The Hoka Kaha 2 GTX is an outstanding boot that combines comfort and support with some really cool new designs, sure to turn heads when you walk down the trail. The meta-rockered style that uses Hoka's unique Swallowtail heel gives a much smoother gait when striding along, and thanks to 2 inches of ridiculously comfortable EVA compression molded foam, it feels like you are walking on a cloud.

Despite all this comfort, the Kaha doesn't feel like wearing a big marshmallow. There is enough stability in the midsole and through the high-top ankle that those seeking top-level protection will find it in this boot. Using durable materials like nubuck leather and adding a tried and true Gore-Tex liner for waterproofness, we believe this is one of the best boots you could ask for in most climates outside of hot and dry environments. If you require a boot that's ready to hit the trail right out of the box, we found the lightweight and thin-soled Salomon X Ultra Mid 4 Gore-Tex didn't require a break-in period. Though it's lacking somewhat in the durability department, it is supportive.

Read more: Hoka Kaha 2 GTX review

The Kaha 2 GTX is tall and very waterproof, perfect for fjording this creek on a local hike.
Credit: Ryan Huetter

Best Bang for the Buck


Merrell Moab 3 Mid Waterproof


70
OVERALL
SCORE
  • Comfort 8.0
  • Support 7.0
  • Traction 6.0
  • Water Resistance 7.0
  • Weight 6.8
  • Durability 6.0
Weight (per pair): 2.36 pounds | Upper: Suede leather, mesh
REASONS TO BUY
Good value
Out-of-the-box comfort
Waterproof
REASONS TO AVOID
Mediocre traction
Heavy relative to height

The Merrell Moab 3 Mid Waterproof is a comfortable and affordable hiking boot that feels good right out of the box. Testers were blister-free over dozens of miles, and the arch support is some of the best in the category. The insole and EVA midsole provide excellent cushioning, and the padded tongue minimizes chafing during ankle flexion. The suede and mesh upper don't look waterproof, but in reality, this boot offers above-average protection through shallow water crossings and mud.

We think the Moab 3 Mid is a great option overall for the casual backpacker requiring wet weather protection, but the padding and suede upper also make this one of the warmer boots during hot weather hikes. We were also lukewarm on their traction capabilities in anything besides smoother terrain due to the shallow lugs. Despite these critiques, this is an excellent and affordable boot that will provide long-lasting comfort to a wide range of potential hikers. If you desire better traction without paying the highest dollar, the mid-range La Sportiva Ultra Raptor II Mid GTX is a boot to consider. It's lightweight and features excellent traction built for more technical terrain.
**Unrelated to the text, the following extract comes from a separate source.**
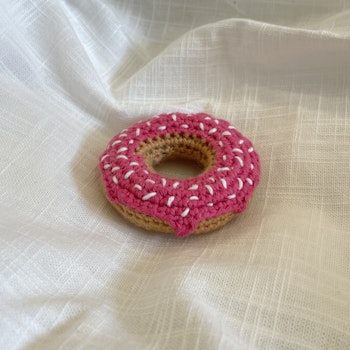 Donut rosa glasyr - virkad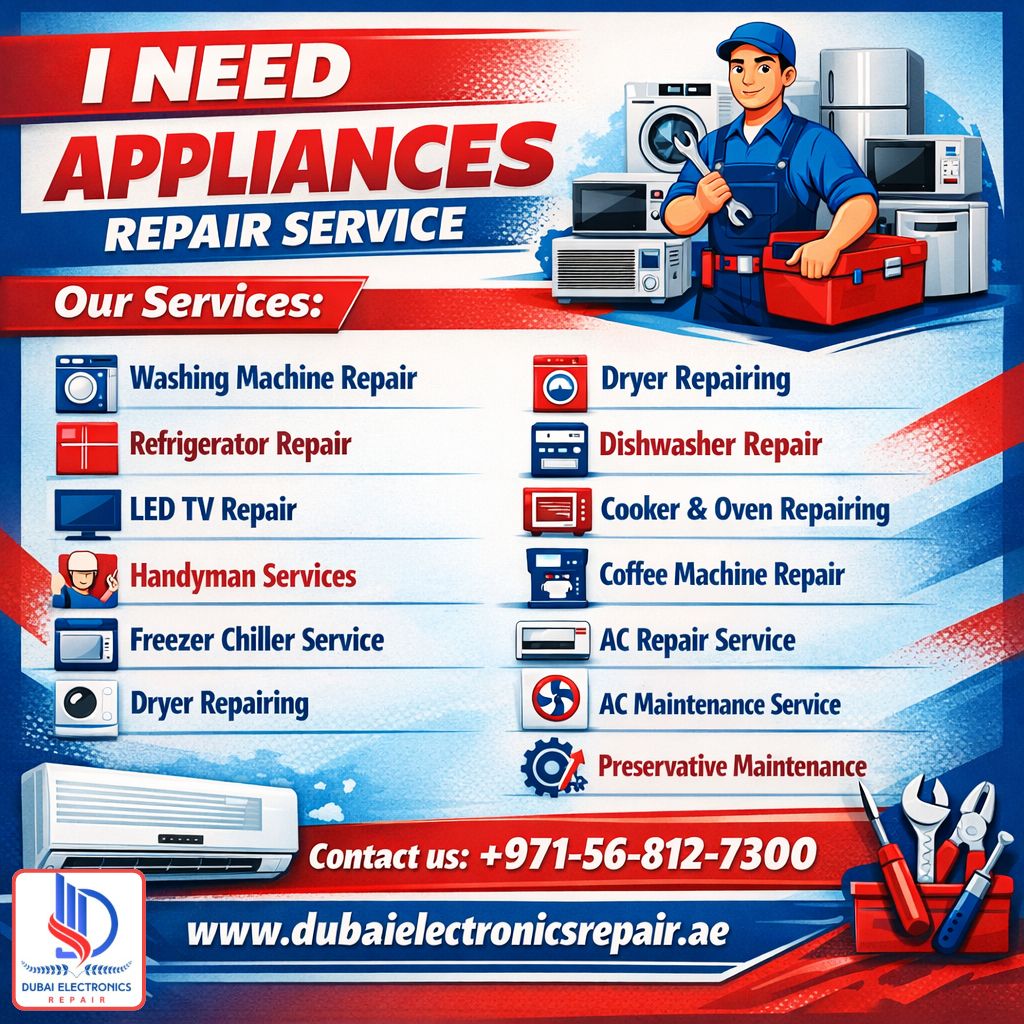 I Need Appliances Repair Service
Read more: Merrell Moab 3 Mid Waterproof review

The solidly built Moab 3 Waterproof boots give you a lot of boot for not a lot of money.
Credit: Ryan Huetter

Best Support


Salomon Quest 4 Gore-Tex


81
OVERALL
SCORE
  • Comfort 9.0
  • Support 9.0
  • Traction 8.0
  • Water Resistance 8.0
  • Weight 4.5
  • Durability 7.0
Weight (per pair): 2.90 pounds | Upper: Nubuck leather and textile
REASONS TO BUY
Comfy
Beefy yet nimble
Stable and speedy
Excellent water resistance
REASONS TO AVOID
Many seams could present durability issues over the long term
On the heavier side
Not best for light hiking

The Salomon Quest 4 Gore-Tex is a tried and true hiking boot that, in many ways, defines the category. Hiking boots have historically been tall, supportive, and capable of providing exceptional support to those ferrying large loads into the backcountry. In the total package of the Quest 4, you are treated with cushioned comfort, excellent stability, and some of the best waterproof credentials in the business. This boot is for hikers who want to do long and demanding backpacking trips in difficult terrain, carrying a heavier pack. With the tallest ankle cuff height of any boot in our review and an innovative support structure, we feel these are the most stable backpacking boots out there, and the height also gives them an advantage in water resistance.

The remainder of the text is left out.